Microsoft Guide Describes Exchange Server Indicator of Compromise Testing Tools
The Microsoft Security Response Center team on Tuesday issued "Guidance for Responders," which provides more advice on how organizations can respond to the recent attacks that are leveraging Exchange Server zero-day flaws.
The attacks, attributed to a "Hafnium" nation-state attacker, are exploiting four vulnerabilities (CVE-2021-26855, CVE-2021-26858, CVE-2021-26857 and CVE-2021-27065) in Exchange Server products. Microsoft issued patches for them back on March 2.
Plenty of advice from Microsoft and others has subsequently poured out since that March 2 patch release.

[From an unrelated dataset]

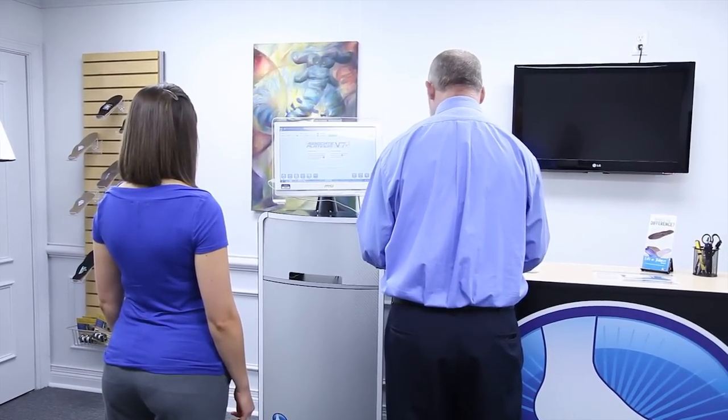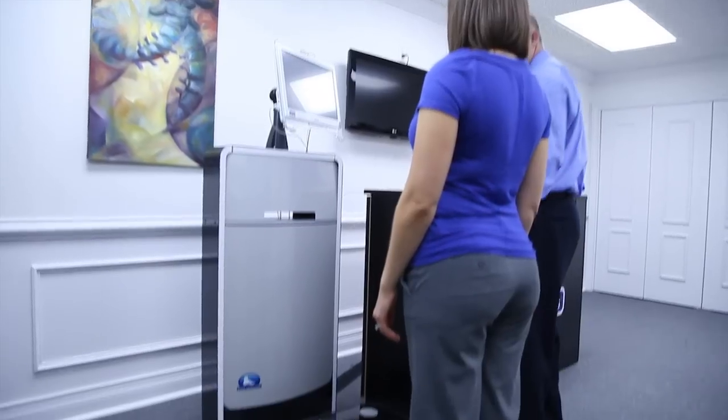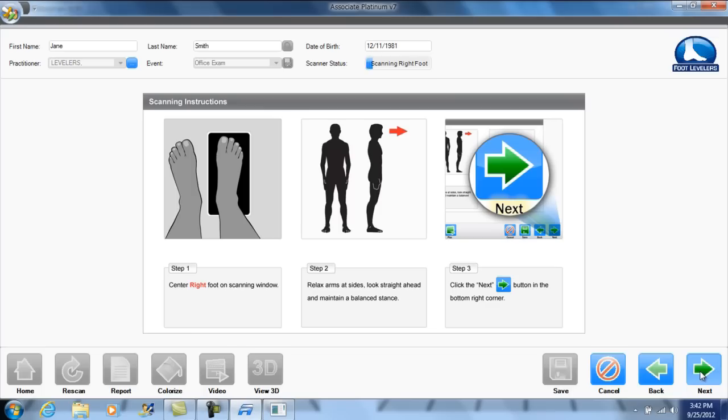3D BodyView requires no warm-up time. The assessment begins directly after entering the patient's name and birth date. During the assessment, an iSafe 635 nanometer laser will capture a 3D image of the patient's feet and the actual arch height of their plantar vault.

Microsoft's "Guidance for Responders" post is perhaps most noteworthy for including consolidated information on how to check for indicators of compromise.
Organizations have to check for these indicators of compromise because Microsoft's most current patches don't fix already compromised systems. The attackers sometimes dropped Webshells to further exploit compromised networks. Security researchers have found that anti-malware solutions weren't detecting these Webshells.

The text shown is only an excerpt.